Avamore Capital is a bridging lender which doesn’t offer second charge products.
It said it wasn’t planning to enter that market, with Zuhair Mirza, principal at Avamore Capital, adding: “We’re not active in the second charge loan market, but the impression we get is there has been some price competition in that segment too, which would imply the market isn’t short of lenders for the existing products being offered.”
Paresh Raja, CEO of Market Financial Solutions, pointed out that institutionally funded bridging lenders typically preferred not to do second charges, but those who had more autonomy on funds could take a view and be more flexible.
“Risks include high LTVs, [with] unsuccessful projects, therefore, there is not much room for margin of error, especially for second charges.
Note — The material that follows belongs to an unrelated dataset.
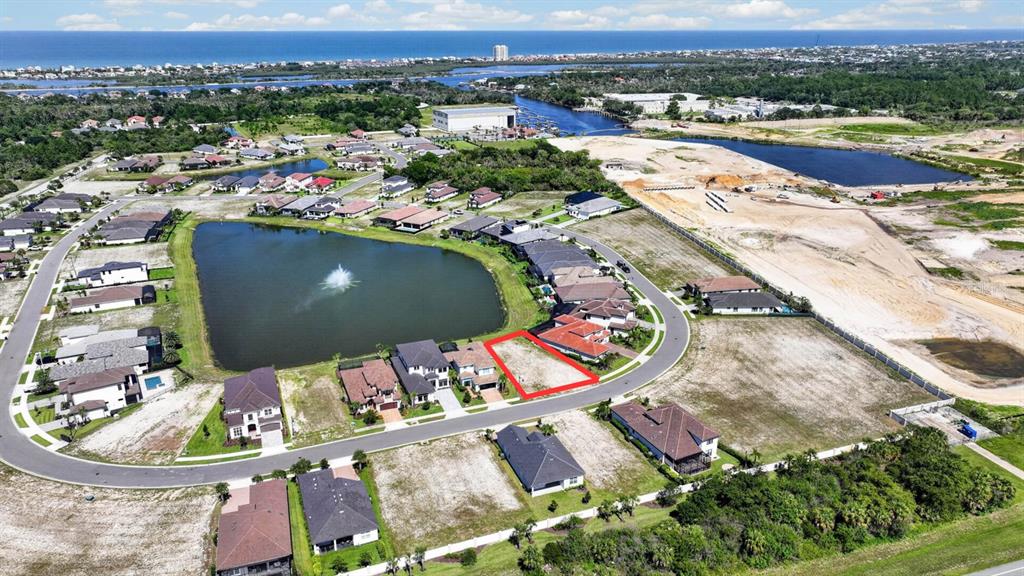 Property for sale at 47 DEL PALMA DRIVE, PALM COAST, FL, 32137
“However, property prices have risen significantly over the years, therefore, there is a great opportunity to tap into the equity without breaking the mortgage deal and at the same time security is significantly backed up.
“This makes it more appetising to offer second charges.”
What do brokers think?
Chris Whitney, senior broker at Enness Commercial, felt that, from a broker’s perspective, there could never be too many lenders.
“…In theory, it drives competition and innovation, albeit time consuming for brokers to stay updated with all of them, so they can be sure they are giving clients [the] best advice.”
Chris Fairfax, managing director at Positive Lending, added: “The second charge bridging market is well-serviced, but rates have not fallen proportionately to reductions in first charge bridging and often LTVs are typically 5-10% lower than first charge.
“It would assume the split opinion is based on the assumption [that] any new lenders would not improve product, risk or pricing.
“All would welcome a new entrant if they genuinely add some value above [and] beyond what is currently available.”
Jo Breeden, managing director at Crystal Specialist Finance, felt second charge bridging was still a limited market, however, it was questionable just how much demand there was for this business type.
“What products do exist are now ERC free, offer cheaper rates and may be less risky and thus more suitable for clients.
“Lenders entering just because they see it as a profitable market may struggle, however, lenders that feel that [they] can add value – either as first or second charge – are the ones that will get business and improve the outcome for customers.
“But as always, it simply has [to] be the correct choice for the applicant based on what is available, and there are some excellent products in the market.”